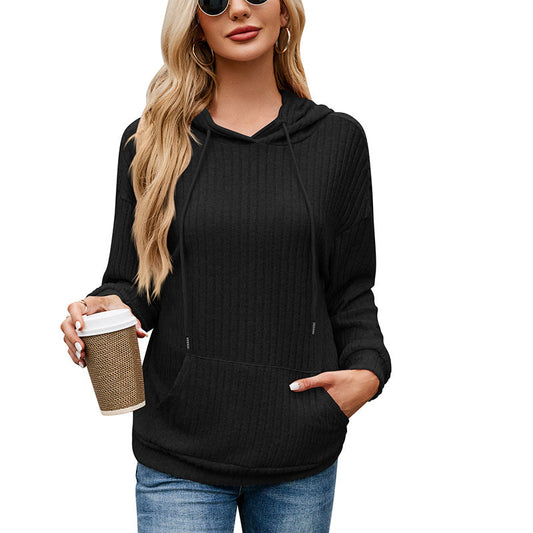 Women's hooded sweater with long sleeves, striped pattern, and kangaroo pocket
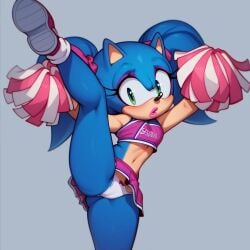 after_transformation ai_generated cheerleader cheerleader_uniform leg_up mtf_transformation panties rule_63 sonic_(series) sonic_the_hedgehog sonic_the_hedgehog_(series) sonique_the_hedgehog twintails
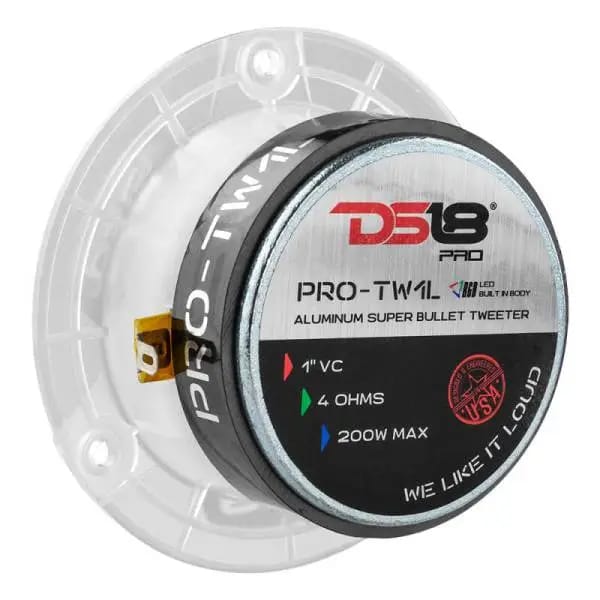 DS18 3.8in Super Bullet Tweeter 120 Watts RMS 1in Aluminum Vc 4 ohm RGB LED Lights- Pair thumbnail 2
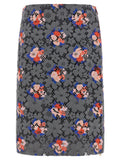 Gray Cotton Midi Skirt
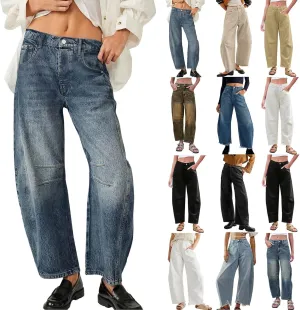 sdbrld Vaqueros para Mujer Barrel Jeans Women Baggy Jeans Women Pantalones anchos Boyfriend Barrel Jeans Women,Womens Mid Rise Jeans Wide Leg Baggy Denim Harem Cropped Pant Vintage (Z5-Light Blue, L)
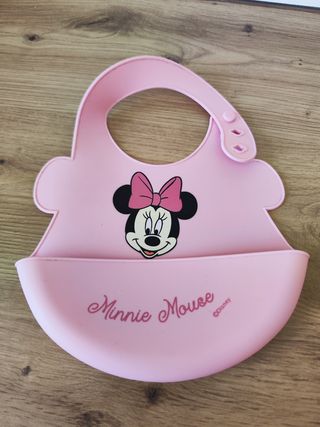 Babero Silicona Minnie Mouse Rosa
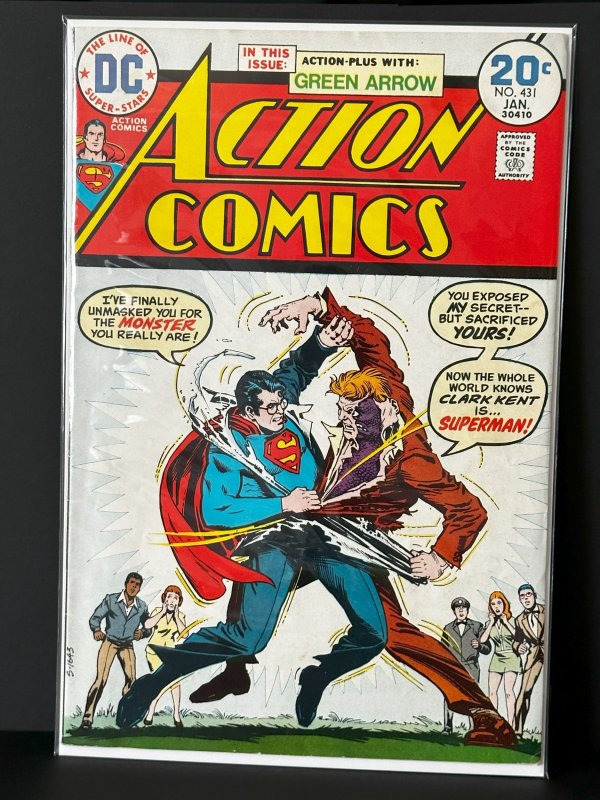 Action Comics #431 (DC Comics, 1974), raw comic book in VF+ condition — front cover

**YOUR TASK:**
Output each line exactly as shown above; no pictures go in the copy.

**ANSWER SPACE:**
 Women's hooded sweater with long sleeves, striped pattern, and kangaroo pocket
 after_transformation ai_generated cheerleader cheerleader_uniform leg_up mtf_transformation panties rule_63 sonic_(series) sonic_the_hedgehog sonic_the_hedgehog_(series) sonique_the_hedgehog twintails
 DS18 3.8in Super Bullet Tweeter 120 Watts RMS 1in Aluminum Vc 4 ohm RGB LED Lights- Pair thumbnail 2
 Gray Cotton Midi Skirt
 sdbrld Vaqueros para Mujer Barrel Jeans Women Baggy Jeans Women Pantalones anchos Boyfriend Barrel Jeans Women,Womens Mid Rise Jeans Wide Leg Baggy Denim Harem Cropped Pant Vintage (Z5-Light Blue, L)
 Babero Silicona Minnie Mouse Rosa
 Action Comics #431 (DC Comics, 1974), raw comic book in VF+ condition — front cover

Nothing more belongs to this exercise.